Покуда снаружи кто-то яростно дубасил по самолету, внутри стали разносить еду. “Ага, – смекнул я, – вот вам и пайка сайки. Тесто из какки”. Съел я не без объяснимой нервозности свою пайку, запил минералкой, а самолет все стоял и стоял, а пассажиры с просветленными лицами все шуршали и шуршали своими газетами.
В какой-то момент “тэкнику” с помощью кувалды все-таки устранили. Я это понял по тому, что самолет нервно вздрогнул, слабо зашевелился, а голос в репродукторе вновь сообщил что-то про “коитус”, но уже существенно бодрее.

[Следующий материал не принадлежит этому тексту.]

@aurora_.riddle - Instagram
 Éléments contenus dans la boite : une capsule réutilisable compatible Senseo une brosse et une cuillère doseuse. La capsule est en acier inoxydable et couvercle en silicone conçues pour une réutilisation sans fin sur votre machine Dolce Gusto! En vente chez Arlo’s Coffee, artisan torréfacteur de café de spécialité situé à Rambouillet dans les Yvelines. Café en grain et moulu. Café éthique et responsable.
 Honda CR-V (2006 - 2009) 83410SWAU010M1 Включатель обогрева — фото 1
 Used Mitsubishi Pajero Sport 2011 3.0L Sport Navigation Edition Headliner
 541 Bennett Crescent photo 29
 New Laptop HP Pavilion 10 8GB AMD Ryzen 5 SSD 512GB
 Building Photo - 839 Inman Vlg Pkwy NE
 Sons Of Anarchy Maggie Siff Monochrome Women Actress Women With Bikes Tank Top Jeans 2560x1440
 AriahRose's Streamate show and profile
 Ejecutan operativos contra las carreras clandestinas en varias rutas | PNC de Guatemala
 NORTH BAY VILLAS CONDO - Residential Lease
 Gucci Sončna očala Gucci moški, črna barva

Потом самолет снова неторопливо – видимо, чтобы не терять лица, – поездил туда-сюда по бескрайним просторам международного аэропорта Вантаа и “в кой-то векки” все же поднялся в воздух.
Всю дорогу меня не покидали тревожные мысли о “тэкнике”: вдруг она как-нибудь проявит себя и в воздухе. Но нет, обошлось, мы прилетели. Часа на три позже, но кто считает. Ура, как говорится.
Уроки литературы
Раньше считалось, что Россия – страна литературоцентричная. Так оно и было. Литература действительно во все времена служила единственным клеем, с помощью которого осуществлялась зыбкая связь времен. Она занимала то место, где у других бывает история. История тоже существовала в России, но она всегда была в большей степени литературой, чем наукой.
Оживленный обмен цитатами из классики внутри культурного сообщества был не только символическим капиталом: цитаты и аллюзии служили паролями-отзывами, допускавшими людей в это самое сообщество. Существовала еще такая штука, как “воспитательная роль литературы”. Школьная литература сильно напоминала кладбище, где по правую руку располагались могилы положительных героев, а по левую – отрицательных. В отдельном ряду нашли вечное упокоение лишние люди. На одной могиле было написано, допустим, что-то вроде того, что “Здесь покоится прах Татьяны – яркой выразительницы русского национального характера”. На другой – “Здесь лежит Эмма Бовари – жертва лицемерной буржуазной морали”. На третьей – коротко: “Кн. Л. Н. Мышкин, идиот”.